Hubo un tiempo en el que, estadísticamente, no era excepcional que determinadas personas contasen, con mucho halo de misterio, que habían vivido apariciones de familiares ya fallecidos. Aquello, cuestiones psicológicas y sociológicas aparte, era una forma de transmitir lecciones del pasado, con su correspondiente carga de fantasía.
Escribo estas líneas cuando se cumple el 75º aniversario de aquel horror que supuso que dos bombas atómicas arrasaran las ciudades de Hiroshima y Nagasaki. Con semejante atrocidad, se escribió una de las páginas más horrendas de la historia.

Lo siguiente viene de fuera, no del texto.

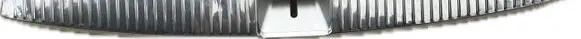 Mercedes-Benz C W204 Trunk/boot sill cover protection A2046900087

Cuando se nos recuerdan, a través de los medios de comunicación y del mundo actual tan interconectado, acontecimientos como éstos, resulta erróneo, además de inmoral, no dedicar un solo minuto de nuestro tiempo a semejante cuestión, y no sólo por aquello que se repite tanto del peligro que supone ignorar la historia, sino también porque es imprescindible conocer y reconocer lo que somos y lo que hemos sido.

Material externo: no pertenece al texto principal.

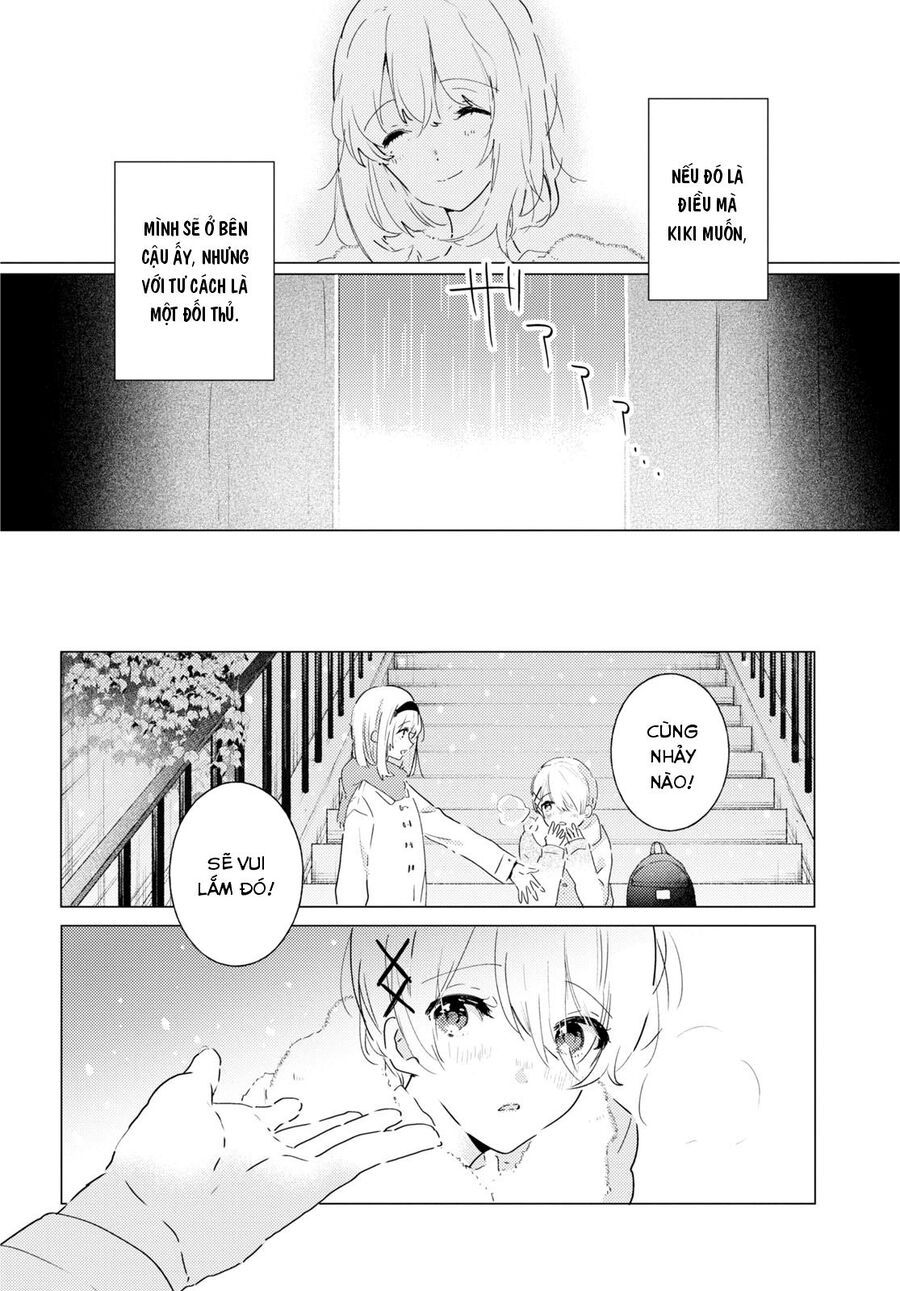 Odoriba Ni Skirt Ga Naru Chapter 8 - Trang 2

Alguien escribió que, tras los horrores que se sucedieron en los Campos de Concentración durante la 2ª Guerra Mundial, ya no tenía sentido escribir poesía. A esos horrores que también forman parte de la historia, se suman los bombardeos de las ciudades de lo que venimos hablando.
Y las preguntas que podemos hacernos al respecto no tienen otra respuesta que no sea la barbarie, el horror y la inconsciencia.
Lo dicho: la historia proyecta ante nosotros el recordatorio de este horror. Y lo que no podemos hacer es obviarlo. Y, al mismo tiempo, nos toca tener muy claro que no caben ni la indiferencia ni el olvido, sino la indignación y el dolor.